Fast foward to 2013: the Phils, likely on the outskirts of the playoff race, sit behind the Nationals and Braves on paper for the upcoming season. Lohse, coming off a career year, is now 34 and very available as Spring Training starts. The Phillies are relying on Kyle Kendrick to replicate his strong 2012 second half and John Lannan to pitch as well as he does against everyone not named the Phillies. Neither are huge stretches but neither are slam dunks either in a year where the Phillies seem to have everything but certainty. The question that nobody is asking is: with Lohse still available, should the Phillies pick up the phone and call?
The Positives
Lohse seemed to make a giant leap in 2012, going from above average to very good, building on what was an excellent 2011. For Lohse, command of his 88-90 MPH fastball is key and that’s where most of his improvements came. Lohse is more of a contact pitcher but saw real improvement in missing bats (-1.6% drop in contact on pitches in the strike zone, -1.3% drop in contact on pitches outside of the strikezone). For the second straight year, over 50% of his pitches were in the strikezone.

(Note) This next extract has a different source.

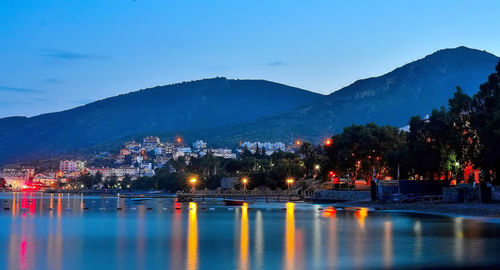 Illuminated city by lake against blue sky at dusk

The pitch that has hurt Lohse the most is his curveball, which sits between 74-76 MPH. In 2010, Lohse threw a curve 9.6% of the time and had a 6.55 ERA; in 2012, Lohse threw it just 4.4% of the time and had a 2.86 ERA. The drop in ERA is not completely related to his reduction of the use of the curve, but mixed with his improvement of locating his fastball and his reliable slider, Lohse was able to find the strikezone more effectively which absolutely did help his ERA. His skillsets are improving in ways you’d expect pitchers over 30 to do and there has not been a precipitous decline in his velocity. His risks associated to aging are smaller than most and isn’t a large threat to injury.
The Negatives
Can the Phillies even afford Lohse? Highly unlikely. There are not a whole lot of rumored numbers for Lohse but his last contract was around five years, $34 million, ~$7 million a year. After the career year he just had, he’s likely looking to settle for nothing short of $10-14 million a year. At this point in free agency, Lohse may look to settle for something for less years but a bigger annual value, which would actually decrease the Phillies’ chances of signing him even more.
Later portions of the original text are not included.